Success, Happiness, and Satisfaction

People usually define success in one of two ways. They either describe themselves as successful when they have obtained material wealth such as money and fame, or they see themselves as success when they are happy and content in the life they are living. Being of a mindset that rejects the concept of simplistic or easily attainable satisfaction, I tend to see success as something outside either idea. When I analyze my satisfaction, I usually find myself questioning how I could have pushed things further, how I could have altered certain details of a piece to suit my aesthetic in a more effective way. When I return to an idea and make those alterations, when I’ve worked past the first completion and recreated something again and again until I can’t find a thing left to change, that is when I’m satisfied, and that is when I am successful.

Sometimes I am presented with the objection that this is not a healthy way to live. How can I be happy if I am never satisfied? Satisfaction and success may play hand in hand for me, but my happiness is not dependent on either one. Most things in life are not as grand or beautiful as the way they are portrayed in books or on film, but it doesn’t mean that experiencing them didn’t make me happy, even if it wasn’t quite what I had expected or hoped it to be. Anything can fall short of your greatest desire and still make you incredibly happy. Satisfaction is neither good nor bad, and used the wrong way it can be very dangerous, but used correctly and it can make you more successful than you ever imagined.
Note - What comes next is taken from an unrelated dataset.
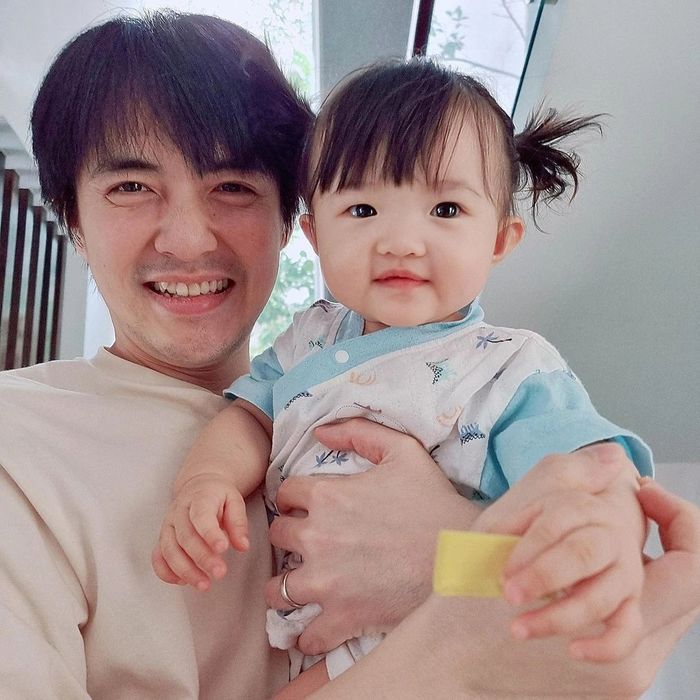 Ông Cao Thắng phì cười khi Đông Nhi tự nhận bé Winnie giống mẹ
My dad grew up wanting to be a full-time musician. I grew up watching him working as an accountant. Of course, he still plays guitar and performs for an audience, just not in the scale that he would have imagined when he was in high school and college. However, I was raised seeing my dad happy to be doing what he was doing, working hard to always improve, and finding success after repeating a series of chords over and over again until he got it right. He then works harder again. He doesn’t allow himself to be satisfied, he works hard, then he works harder, and that’s what I strive to do. That is my definition of success.